As readers may know, when I visit high security systems I like to use combat scanner probes to search for players, POSes, drones, and of course cosmic signatures. Sometimes, I happen upon inactive POSes with modules that can be destroyed, and I have a particular fondness for pillaging these vulnerable bases.
My routine goes like this:
I enter a new system, making some bookmarks while using combat scanner probes (scanning on the setting "show all"). A few close probe scans around celestial clusters reveals all of the starbases in system, from giant complexes like this beautiful but lag-inducing POS:
...to the dozens upon dozens of abandoned control towers in near every system.
A combat scan around a celestial offers a top-down picture of all of the POSes (et al.) around the planet:
A habit I've now taken to is bookmarking all active POSes I find. There's no reason not to, and when I pass through visited systems I briefly check the active POSes. This new method has helped me find a few POSes that have lapsed in upkeep, and sometimes find them before others do.
Well, as I've described in previous posts, this can be a fairly lucrative business, and I know of at least a few dozen players now that sometimes engage in the same type of search and destroy scanning. However, it has been quite a while since I found a decent haul from looting laboratories, assembly arrays, and hangars...until recently!
A nice 1.9 billion isk collection of minerals and research and PI materials, not a bad find at all.
However, my recent return to POS pillaging has me wondering what will come of this profession after the upcoming overhaul of structures in EVE. With the just released entosis module, POS "destruction" will no longer involve shooting (at least at the L and XL size structures, so far as we currently know from the early dev blogs). So, presumably, can we expect that inactive POSes will be even easier to remove? Currently there is little reason to destroy lone inactive towers because of the DPS needed (or inactive towers with guns and batteries, modules which cannot be destroyed or looted until after the tower is destroyed). However, after the structure rebalance, it seems like it will simply take (in HS) a war dec and then a few minutes (?) of entosis magic. Will this "Destroy" the structure, creating a killmail, or will this de-activate it and allow it to be scooped? We don't yet know. I would personally prefer the entosis link to destroy the structure itself, resulting in a killmail, with some plan for what loot can drop and what will be "stored" in some way for the owner (the structure dev blog features a lengthy discussion in the comments about what method of "storing" dropped loot for players should be taken. I don't have a preference.)

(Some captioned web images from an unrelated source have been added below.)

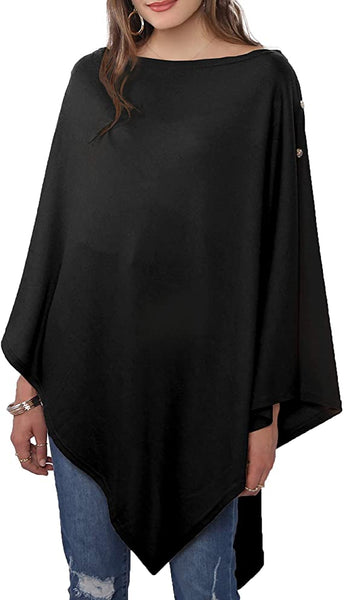 MissShorthair Women's Lightweight Knitted Poncho Cape Shawl Plus Size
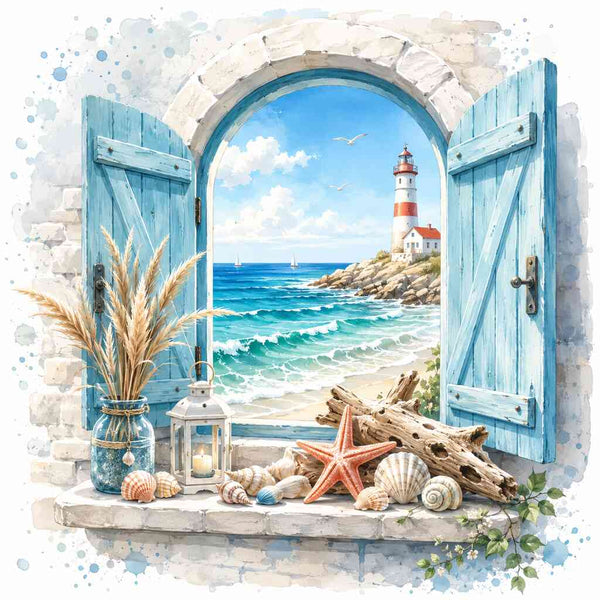 Malen nach Zahlen - Fenster zum Mittelmeertraum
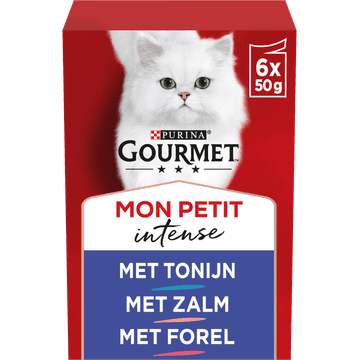 Gourmet Mon Petit Intense Fijne stukjes met Tonijn, Zalm & Forel 6x50g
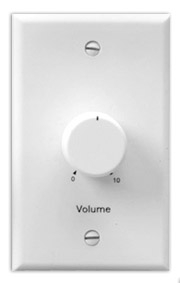 Single-Gang 100W Volume Attenuator Wall Plate in White
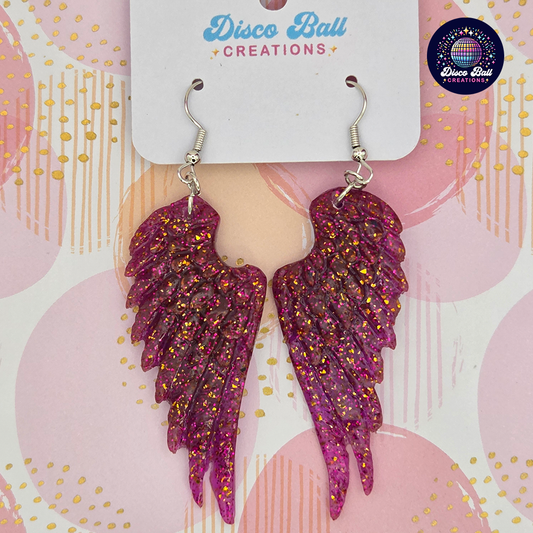 Glitter Angel Wing Earrings – Handmade Sparkly Statement Jewellery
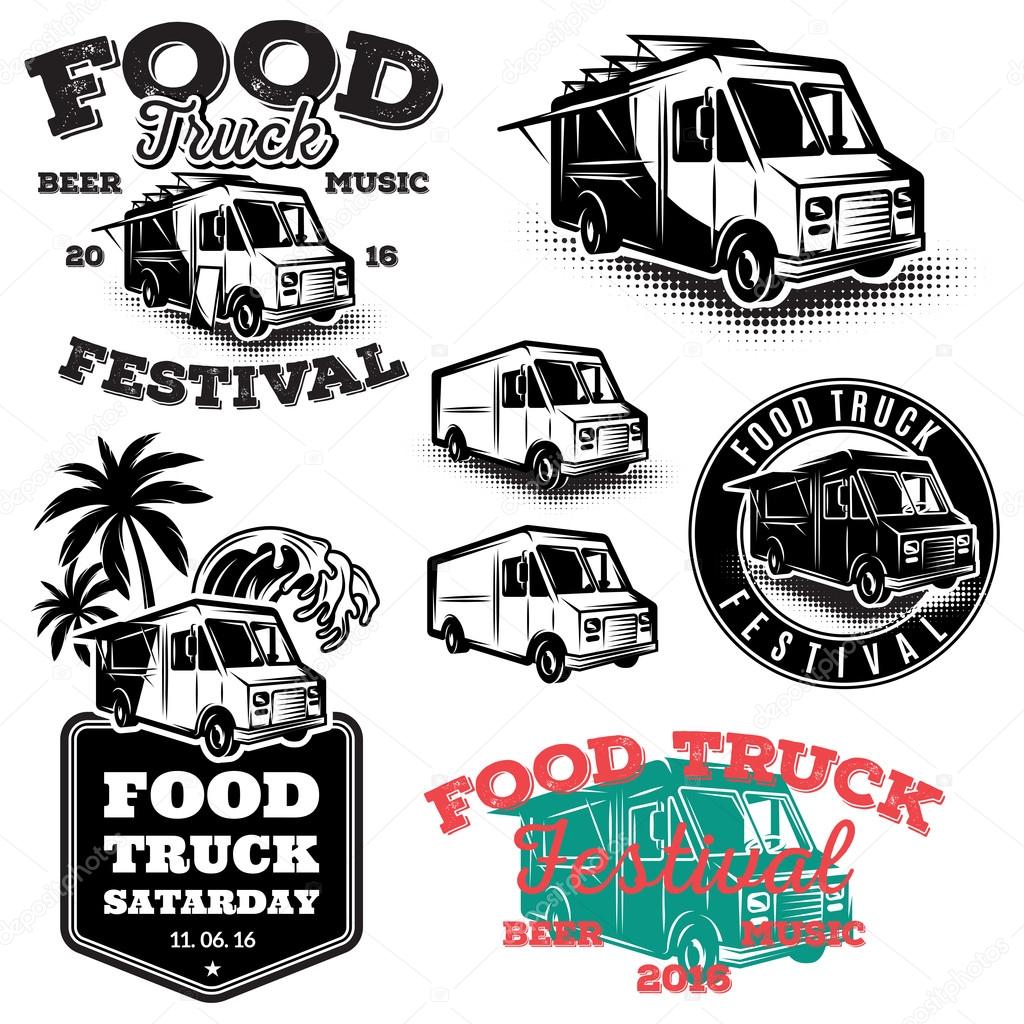 Set of templates, design elements, vintage style emblems for the food truck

But what about active structures in HS? Currently, high security space POSes are very safe when active, even without guns, simply due to the time commitment involved in trying to destroy them. Plus, an active corp will immediately take the valuables out of the POS when a war is declared, making it a waste of isk for the attackers as well. What will happen after the structure rebalance, though? Here would be a bad outcome: A single player can declare war on Red Versus Blue, who owns many dozens of customs offices around high sec (these POCOs become some version of new structures after the overhaul, the dev blog states), and then travel all around HS putting all of RVB's POCOs into reinforce. That, it seems to me, would be a bad outcome. On the other hand, what I do think HS needs is more conflict-drivers. The introduction of player-owned customs offices in HS a few years ago was an amazing change, one of the best in the game's history, because it added an entirely new source of conflict in the game. HS (as well as all other areas of space, LS and NPC Null especially) need more sources of conflict. So ideally, the structure revamp will 1) create many new sources of conflict in New Eden, while 2) not giving the attacker too much of an advantage to the point that it is never safe to drop a structure in space. I don't know how to balance 1 and 2, but I am eager to see how CCP tries to do it, and I hope "POS Pillaging" will live on into the future.